1. Field of the Invention
The invention relates to the field of data processing systems, and more specifically to a method, apparatus, and product for prohibiting unauthorized access of data that is stored on storage drives.
2. Description of the Related Art
As is well known to those of ordinary skill in the art, certain binary sequences or patterns are to be avoided when writing binary data to a magnetic recording disk, since these binary patterns stress the ability of the head/disk interface to accurately position the magnetic transitions at the desired positions linearly along the track surface of the disk. In order to avoid these patterns, it is known in the art to randomize data prior to writing the data to the disk. The data is then de-randomized upon subsequently reading the randomized data from the disk.
In known storage drives, a standardized seed is used by the storage drive when reading or writing data regardless of the process, application, or partition that requests the read/write access. This seed is generated within the storage drive itself for use by the storage drive's randomizer/de-randomizer. When a request is received by the storage drive to write data, the randomizer uses the storage drive's seed to randomize the data. The randomized data is then written to the storage drive. When a request is received by the storage drive to read data, the de-randomizer uses the same seed to de-randomize the retrieved randomized data.
This same seed is used whenever a request to read or write is received. Therefore, all applications and partitions that write data to the storage drive will have their data randomized using the same seed. Conversely, when data is requested by any application to be read from the storage drive, the requested data is de-randomized using the same seed.
In the prior art, the seed is selected by the storage drive. The seed is kept within the storage drive. The seed is not unique to any particular application, process, partition, or operating system. Thus, all data on the storage drive is randomized using the same seed. Therefore, all of the data can be de-randomized using the same seed.
The seed of the prior art is a method for eliminating read/write errors when accessing a storage drive. The seed is not used as a security device to protect the data on the storage drive because any process can access the data by transmitting an access command to the storage drive.
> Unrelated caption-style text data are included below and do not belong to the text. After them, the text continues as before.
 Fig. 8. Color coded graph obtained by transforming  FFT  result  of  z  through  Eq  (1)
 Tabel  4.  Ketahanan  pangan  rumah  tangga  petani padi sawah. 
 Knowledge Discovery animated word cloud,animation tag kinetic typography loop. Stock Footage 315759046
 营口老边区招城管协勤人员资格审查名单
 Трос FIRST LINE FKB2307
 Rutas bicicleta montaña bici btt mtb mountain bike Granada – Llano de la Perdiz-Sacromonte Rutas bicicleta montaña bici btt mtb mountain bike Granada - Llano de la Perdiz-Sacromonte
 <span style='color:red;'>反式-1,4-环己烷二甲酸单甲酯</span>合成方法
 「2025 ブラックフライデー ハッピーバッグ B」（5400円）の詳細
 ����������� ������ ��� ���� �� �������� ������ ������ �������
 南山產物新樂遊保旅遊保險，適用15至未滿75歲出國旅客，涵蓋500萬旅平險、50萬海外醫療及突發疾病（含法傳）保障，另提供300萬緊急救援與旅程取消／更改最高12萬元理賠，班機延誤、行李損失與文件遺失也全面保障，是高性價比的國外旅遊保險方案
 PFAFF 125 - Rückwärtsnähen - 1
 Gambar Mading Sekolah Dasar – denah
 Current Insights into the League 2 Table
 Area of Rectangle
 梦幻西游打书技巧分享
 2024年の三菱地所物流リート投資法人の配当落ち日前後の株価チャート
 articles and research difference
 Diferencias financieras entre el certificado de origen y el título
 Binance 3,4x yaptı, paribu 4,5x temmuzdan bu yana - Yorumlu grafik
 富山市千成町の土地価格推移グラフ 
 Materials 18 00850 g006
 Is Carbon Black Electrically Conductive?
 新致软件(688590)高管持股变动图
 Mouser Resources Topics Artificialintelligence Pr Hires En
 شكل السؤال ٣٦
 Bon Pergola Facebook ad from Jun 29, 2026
Storage drives can be removed from one computer system and inserted into a different computer system where the data stored on the drive can then be accessed. This may be necessary in order to repair a drive. The drive may be removed from its computer system and then sent to a repair facility which then has access to the drive's data. Because the standardized seed is stored within the storage drive, once the drive is removed, its data can be accessed and is not protected. In order to access the data on a typical drive, an appropriate access command is sent to the drive. The drive then uses the standardized seed that is stored in the drive to de-randomize the data that is stored on the drive. Thus, the data on a drive that is inserted into a different computer system can be easily accessed.
The ability to protect a data processing system is limited by the manner in which trust is created or rooted within the data processing system. To address the issues of protecting data processing systems, a consortium of companies has formed the Trusted Computing Group (TCG) to develop and to promulgate open standards and specifications for trusted computing. According to the specifications of the Trusted Computing Group, trust within a given data processing system or trust between a data processing system and another entity is based on the existence of a hardware component within the data processing system that has been termed the trusted platform module (TPM).
A need exists for a method, apparatus, and computer program product for prohibiting unauthorized access of data that is stored on storage drives.